Associate Professor at Department of Information Engineering and Computer Science (DISI) at the University of Trento
Keynote title: Recognizing actions in videos under domain shift
Action recognition, which consists in automatically recognizing the action being performed in a video sequence, is a fundamental task in computer vision and multimedia. Supervised action recognition has been widely studied because of the growing need for automatically categorizing video content that are being generated everyday. However, it is nearly impossible for human annotators to keep pace with the enormous volumes of online videos, and thus supervised training becomes infeasible. A cheaper way of leveraging the massive pool of unlabelled data is by exploiting an already trained model to infer the labels on such data and then re-using them to build an improved model. Such an approach is also prone to failure because the unlabelled data may belong to a data distribution that is different from the annotated one. This is often referred to as the domain-shift problem. To address the domain-shift, recently Unsupervised Video Domain Adaptation (UVDA) methods have been proposed. However, these methods typically make strong and unrealistic assumptions. In this talk I will present some recent works of my research group on UVDA, showing that, thanks to recent advances in deep architectures and to the advent of foundation models, it is possible to deal with more challenging and realisting settings and recognize out-of-distribution classes.

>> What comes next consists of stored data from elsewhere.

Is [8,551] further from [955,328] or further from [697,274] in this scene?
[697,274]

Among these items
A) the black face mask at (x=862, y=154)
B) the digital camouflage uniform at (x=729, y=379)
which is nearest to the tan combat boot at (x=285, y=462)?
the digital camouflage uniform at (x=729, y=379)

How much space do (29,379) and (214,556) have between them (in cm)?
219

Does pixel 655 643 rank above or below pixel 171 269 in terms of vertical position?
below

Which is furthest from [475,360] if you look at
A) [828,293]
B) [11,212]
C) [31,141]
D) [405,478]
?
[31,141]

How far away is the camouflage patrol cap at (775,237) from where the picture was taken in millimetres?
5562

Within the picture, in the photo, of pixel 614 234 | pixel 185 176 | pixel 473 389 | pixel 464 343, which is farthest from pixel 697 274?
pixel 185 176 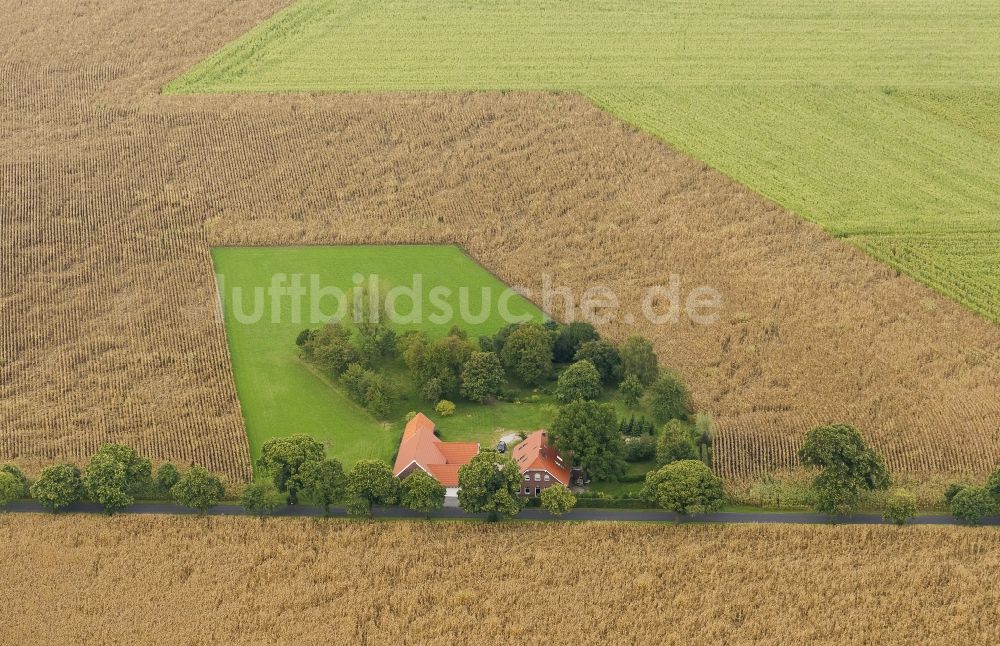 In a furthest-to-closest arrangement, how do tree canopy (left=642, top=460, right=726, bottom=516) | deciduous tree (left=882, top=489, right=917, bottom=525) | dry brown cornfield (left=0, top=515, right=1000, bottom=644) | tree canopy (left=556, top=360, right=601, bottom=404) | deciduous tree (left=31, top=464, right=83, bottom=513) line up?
tree canopy (left=556, top=360, right=601, bottom=404) < deciduous tree (left=31, top=464, right=83, bottom=513) < tree canopy (left=642, top=460, right=726, bottom=516) < deciduous tree (left=882, top=489, right=917, bottom=525) < dry brown cornfield (left=0, top=515, right=1000, bottom=644)

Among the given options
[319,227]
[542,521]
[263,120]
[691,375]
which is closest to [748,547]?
[542,521]

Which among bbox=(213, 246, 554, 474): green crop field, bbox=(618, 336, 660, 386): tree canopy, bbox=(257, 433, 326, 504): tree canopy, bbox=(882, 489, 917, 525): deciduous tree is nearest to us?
bbox=(882, 489, 917, 525): deciduous tree

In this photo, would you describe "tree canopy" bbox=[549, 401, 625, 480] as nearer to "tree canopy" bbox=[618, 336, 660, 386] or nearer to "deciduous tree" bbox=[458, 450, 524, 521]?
"deciduous tree" bbox=[458, 450, 524, 521]

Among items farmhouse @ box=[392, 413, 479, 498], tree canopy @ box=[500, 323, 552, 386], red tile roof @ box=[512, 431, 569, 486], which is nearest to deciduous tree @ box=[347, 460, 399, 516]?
farmhouse @ box=[392, 413, 479, 498]

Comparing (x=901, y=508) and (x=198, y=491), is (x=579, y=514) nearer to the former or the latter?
(x=901, y=508)

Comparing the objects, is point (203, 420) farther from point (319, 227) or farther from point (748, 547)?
Answer: point (748, 547)

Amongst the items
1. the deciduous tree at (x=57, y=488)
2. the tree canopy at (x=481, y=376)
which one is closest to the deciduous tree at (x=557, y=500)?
the tree canopy at (x=481, y=376)

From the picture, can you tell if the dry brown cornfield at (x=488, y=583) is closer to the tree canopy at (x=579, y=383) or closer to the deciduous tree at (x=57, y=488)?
the deciduous tree at (x=57, y=488) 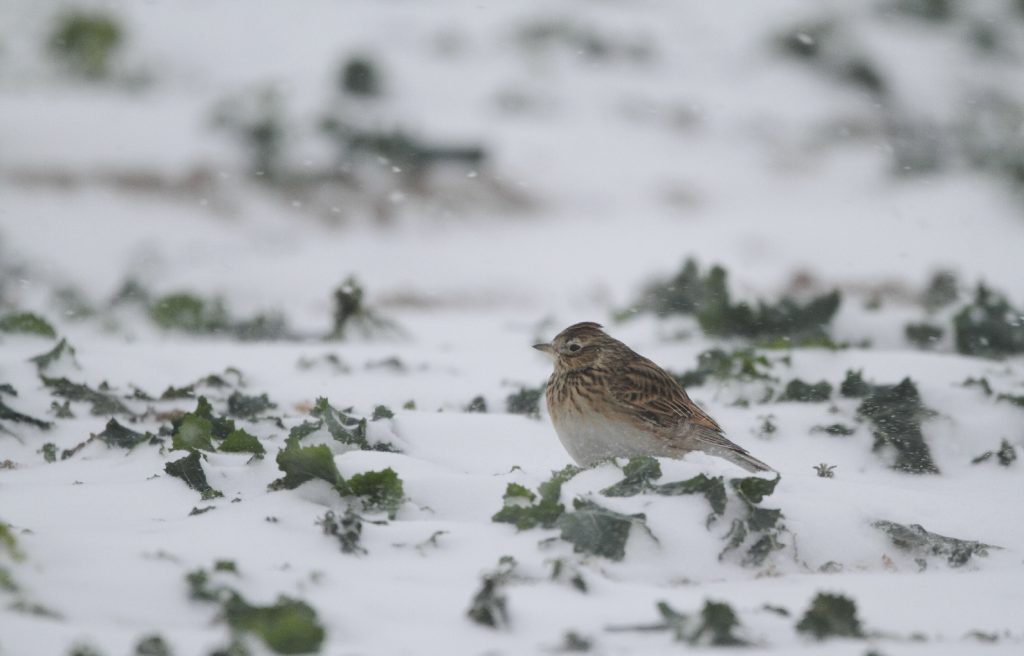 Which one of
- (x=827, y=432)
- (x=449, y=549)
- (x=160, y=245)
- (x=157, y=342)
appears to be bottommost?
(x=449, y=549)

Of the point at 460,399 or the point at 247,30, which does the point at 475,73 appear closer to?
the point at 247,30

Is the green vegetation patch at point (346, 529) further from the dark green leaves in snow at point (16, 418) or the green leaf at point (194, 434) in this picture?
the dark green leaves in snow at point (16, 418)

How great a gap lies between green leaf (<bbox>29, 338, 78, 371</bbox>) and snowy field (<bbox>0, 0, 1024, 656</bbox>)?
2 centimetres

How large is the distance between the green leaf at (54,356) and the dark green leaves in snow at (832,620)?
4.45m

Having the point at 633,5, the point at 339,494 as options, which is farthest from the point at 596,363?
the point at 633,5

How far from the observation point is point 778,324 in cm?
752

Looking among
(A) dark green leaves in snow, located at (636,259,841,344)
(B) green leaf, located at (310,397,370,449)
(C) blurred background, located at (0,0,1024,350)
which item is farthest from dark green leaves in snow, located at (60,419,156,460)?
(C) blurred background, located at (0,0,1024,350)

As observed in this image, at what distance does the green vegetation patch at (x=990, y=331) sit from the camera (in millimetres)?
7336

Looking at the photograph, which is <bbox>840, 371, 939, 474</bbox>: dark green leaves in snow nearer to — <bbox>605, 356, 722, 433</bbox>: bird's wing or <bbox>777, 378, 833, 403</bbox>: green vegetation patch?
<bbox>777, 378, 833, 403</bbox>: green vegetation patch

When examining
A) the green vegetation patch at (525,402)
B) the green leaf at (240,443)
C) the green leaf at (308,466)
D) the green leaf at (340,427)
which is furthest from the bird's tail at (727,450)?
the green leaf at (240,443)

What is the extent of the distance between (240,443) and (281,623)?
1.89 m

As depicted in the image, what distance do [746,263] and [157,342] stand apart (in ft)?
29.5

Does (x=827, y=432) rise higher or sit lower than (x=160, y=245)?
lower

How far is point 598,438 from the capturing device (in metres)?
4.92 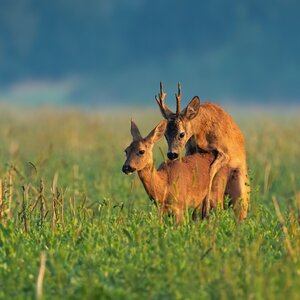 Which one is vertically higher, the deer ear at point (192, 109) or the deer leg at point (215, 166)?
the deer ear at point (192, 109)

Prof. Elisa Ricci (PhD, University of Perugia 2008) is an Associate Professor at Department of Information Engineering and Computer Science (DISI) at the University of Trento and the head of the Deep Visual Learning research group at Fondazione Bruno Kessler. She has published over 160 papers on international venues. Her research interests are mainly in the areas of computer vision, robotic perception and multimedia analysis. At UNITN she is the Coordinator of the Doctoral Programme in Information Engineering and Computer Science. She is an Associate Editor of IEEE Trans. on Multimedia, Computer Vision and Image Understanding and Pattern Recognition. She was the Program Chair of ACM MM 2020 and the Diversity Chair of ACM MM 2022. She is the recipient of the ACM MM 2015 Best Paper award and ICCV 2021 Honorable mention award.